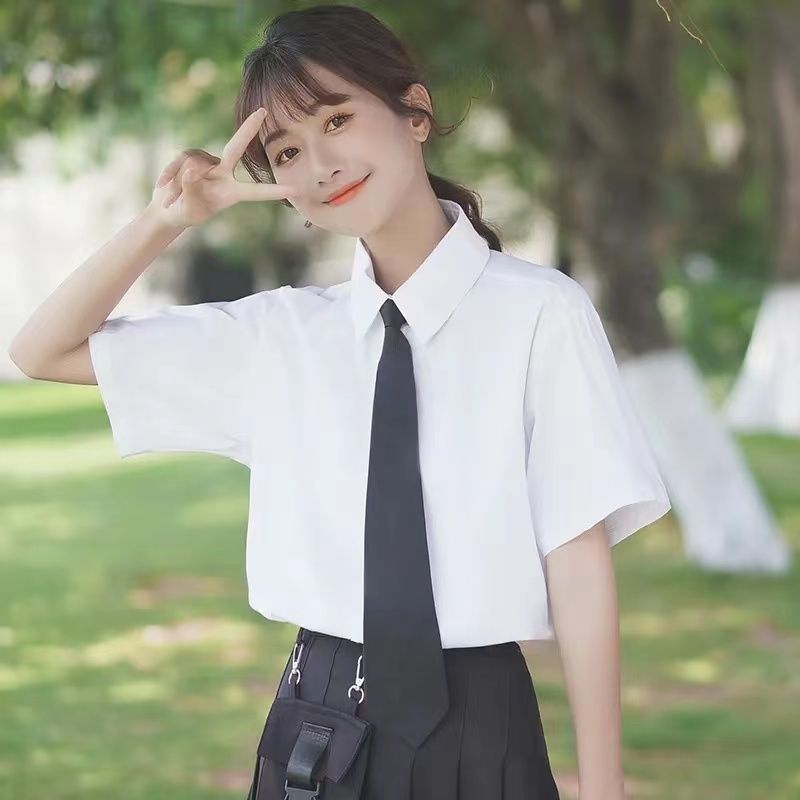 Kfc Áo Sơ Mi Ngắn Tay Dáng Rộng Màu Trắng Cà Vạt Phong Cách Mới Dành Cho Nữ Sinh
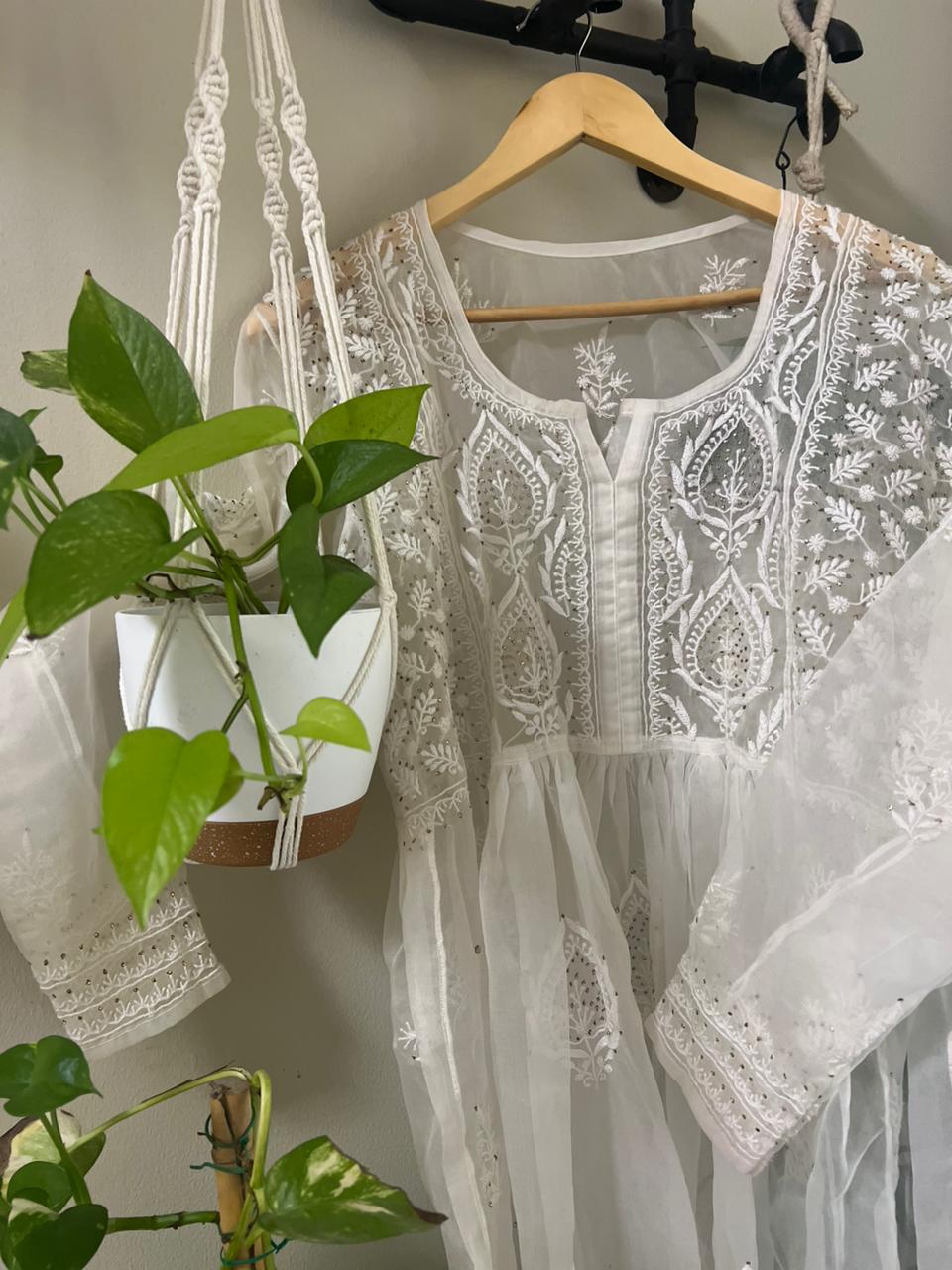 Whisper Organza Chikankari Long Kurti- Semi-Stitched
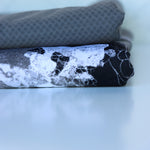 Load image into Gallery viewer, Monochrome Abstract Floral &amp; Slate Gray Crosshatch Swim Bundle | 1/2YD Each
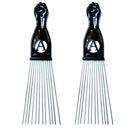 Luxxii (2 Pack) 6.5" Black Fist Metal Afro Pik Lift Hair Comb Detangle Wig Braid Hair Man Styling Comb (6.5 inch) Luxxii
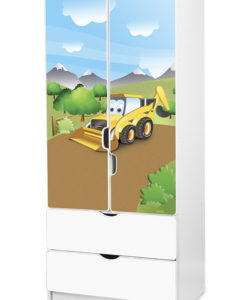 Dětská šatní skříň Bagr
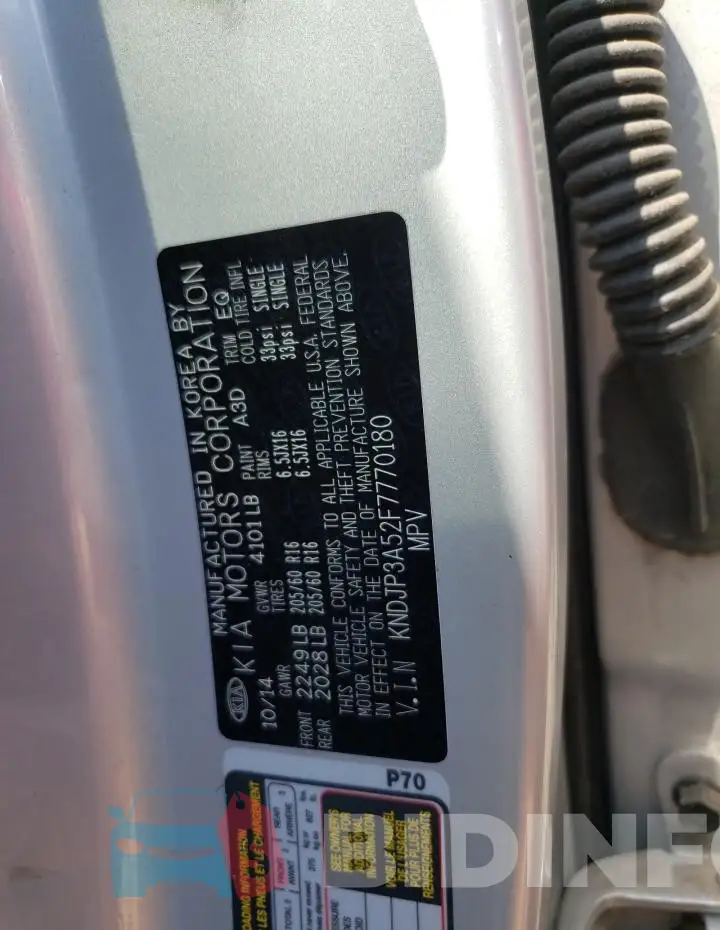 KNDJP3A52F7770180 Photo# 12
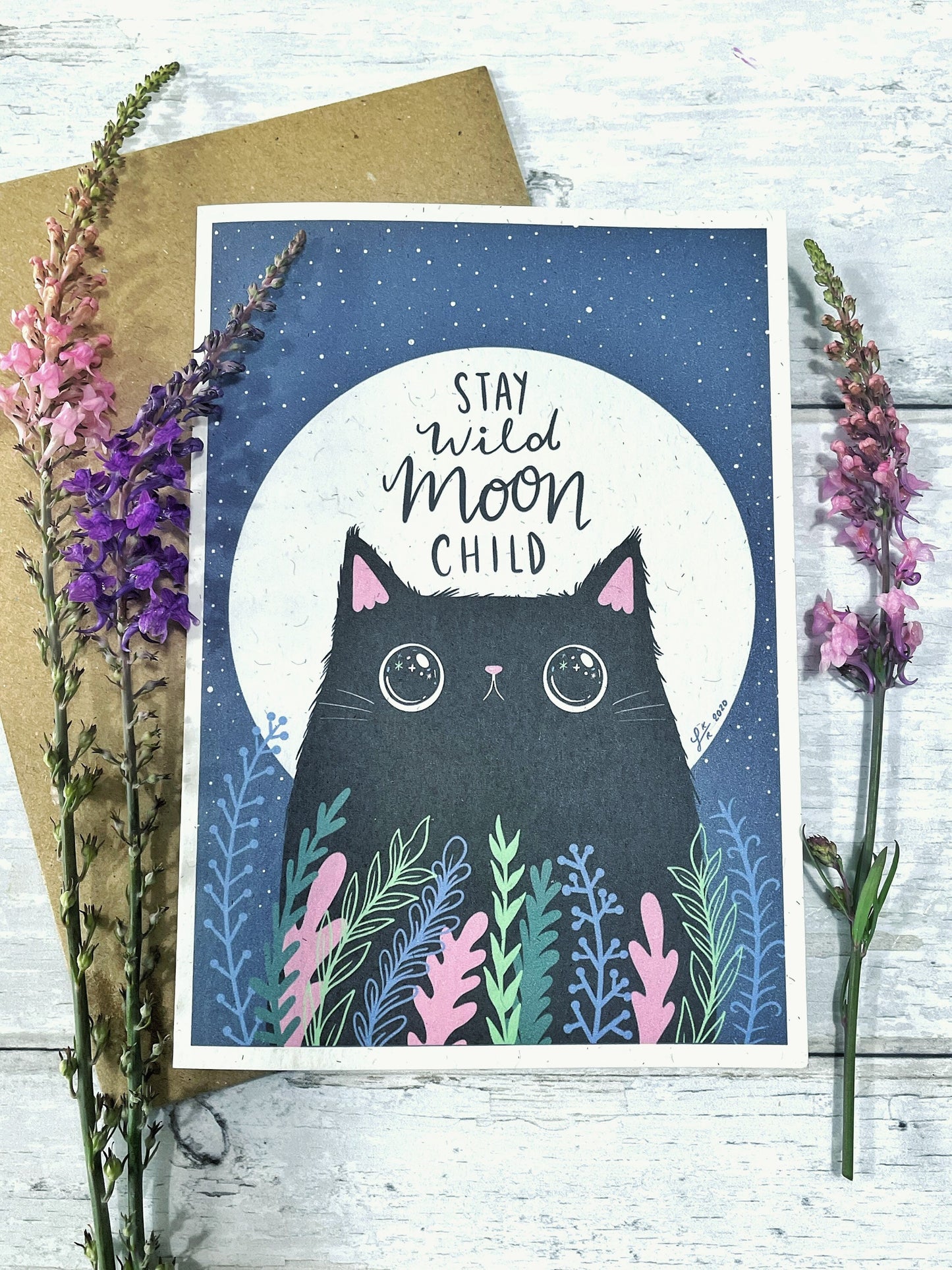 Stay wild moon child greeting card black cat card under the moon greeting card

************

#### PROBLEM DESCRIPTION
Give back, exactly and with nothing added, the lines from the line with "Luxxii (2 Pack)" through the final line of the data, both included; leave pictures out.

#### EXERCISE OUTPUT
 Luxxii (2 Pack) 6.5" Black Fist Metal Afro Pik Lift Hair Comb Detangle Wig Braid Hair Man Styling Comb (6.5 inch) Luxxii
 Dětská šatní skříň Bagr
 KNDJP3A52F7770180 Photo# 12
 Stay wild moon child greeting card black cat card under the moon greeting card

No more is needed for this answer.